O jogo como artefato de estudo sempre se mostrou complexo e diverso, é um elemento presente em atividades de muito animais [7] e consegue tomar muitas formas diferentes. Jogos podem ser compreendidos como atividade ou objeto, e cada escopo oferece oportunidades de abordar o game de um modo que encaixe na proposta da pesquisa.

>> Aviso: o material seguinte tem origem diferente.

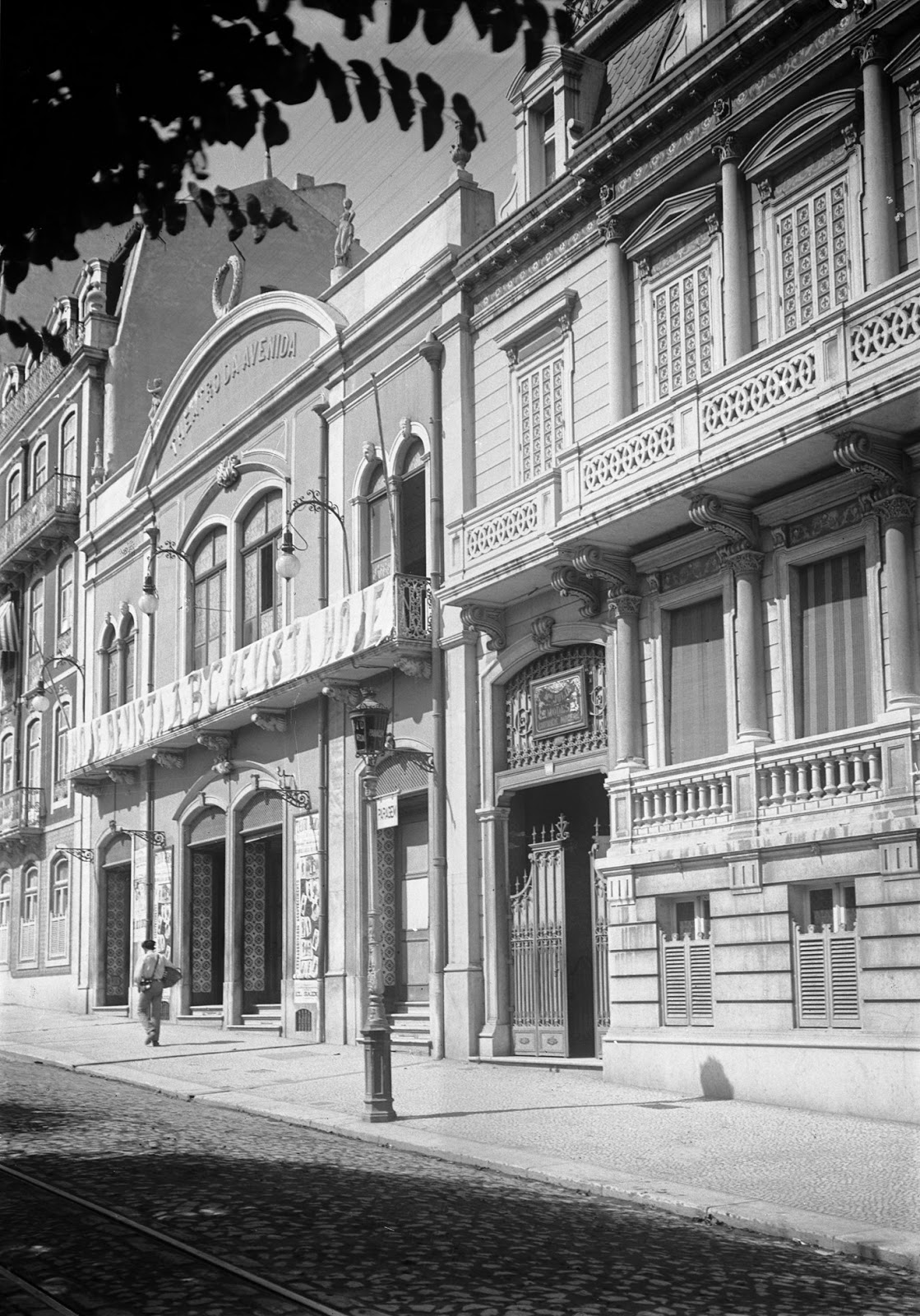 [Teatro-da-Avenida-1912.2.jpg]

Encarar os jogos como uma atividade significa aborda-lo como um artefato centrado no homem e pode ser útil em áreas que estudam o comportamento do jogador, como sociologia e psicologia. Jogos como sistema tem aplicações mais praticas dentro do game design. Como aponta Frasca [6], essa separação possui sua utilidade, mas ignora muitas características de um aspecto do jogo em prol de outras, o que pode levar a um entendimento limitado do artefato.

Embora este artigo não ofereça uma definição própria, fica claro que a diversidade de formas que o jogo e o jogar tomam pede por uma abordagem particular de cada estudo, porém aconselha-se que o escopo seja definido com atenção a própria multiplicidade de formas do artefato, de modo a obter uma melhor perspectiva conforme o objetivo de pequisa.

4. Referências

[1] Avedon, E. M., & Sutton-Smith, B. (1971). The study of games. John Wiley & Sons.

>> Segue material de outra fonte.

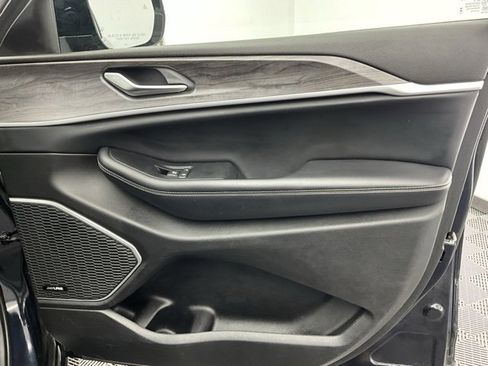 Used 2023 Jeep Grand Cherokee 4WD 4xe image 14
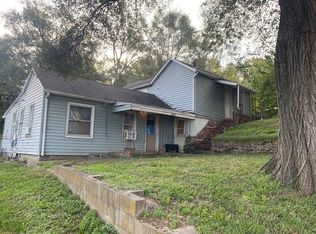 716 George St, Atchison, KS 66002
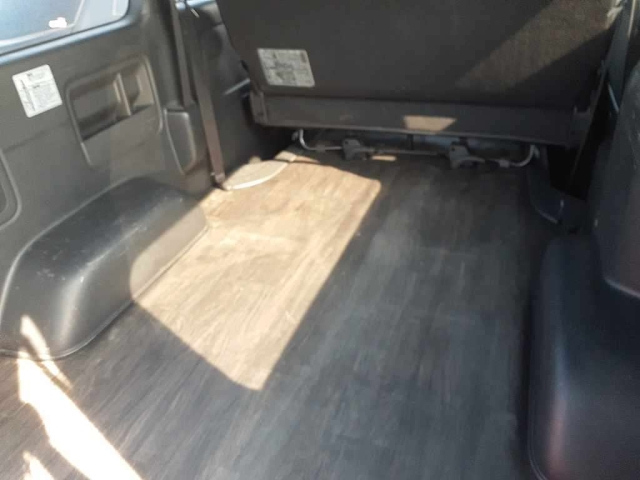 TOYOTA HIACE VAN 2024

[2] Broer, J. (2017). The Gamification Inventory: an Instrument for the Qualitative Evaluation of Gamification and its Application to Learning Management Systems (Doctoral dissertation, Universität Bremen).

[3] Caillois, R. (2001). Man, play, and games. University of Illinois Press.

[4] Costikyan, G. (1994). I have no words and I must design. Interactive Fantasy# 2. British roleplaying journal.

[5] Crawford, C. (1984). The art of computer game design.

[6] Frasca, G. (2007). Play the message: Play, game and videogame rhetoric. Unpublished PhD dissertation. IT University of Copenhagen, Denmark.

[7] Huizinga, J. (1971). Homo ludens: o jogo como elemento da cultura (Vol. 4). Editora da Universidade de S. Paulo, Editora Perspectiva.

[8] Juul, J. (2003). The Game, the Player, the World: Looking for a Heart of Gameness. In Level Up: Digital Games Research Conference Proceedings, edited by Marinka Copier and Joost Raessens, 30-45.Utrecht: Utrecht University.

[9] Salen, K., & Zimmerman, E. (2003). Rules of play: Fundamentals of game design. MIT Press Cambridge.

[10] Suits, B. (2014). The Grasshopper-: Games, Life and Utopia. Broadview Press.

[11] Xexéo, G., Carmo, A., Acioli, A., Taucei, B., Dipolitto, C., Mangeli, E., … & Garrot, R. (2017). O Que São Jogos: Uma Introdução ao Objeto de Estudo do LUDES. Universidade Federal do Rio de Janeiro, Rio de Janeiro, Brasil.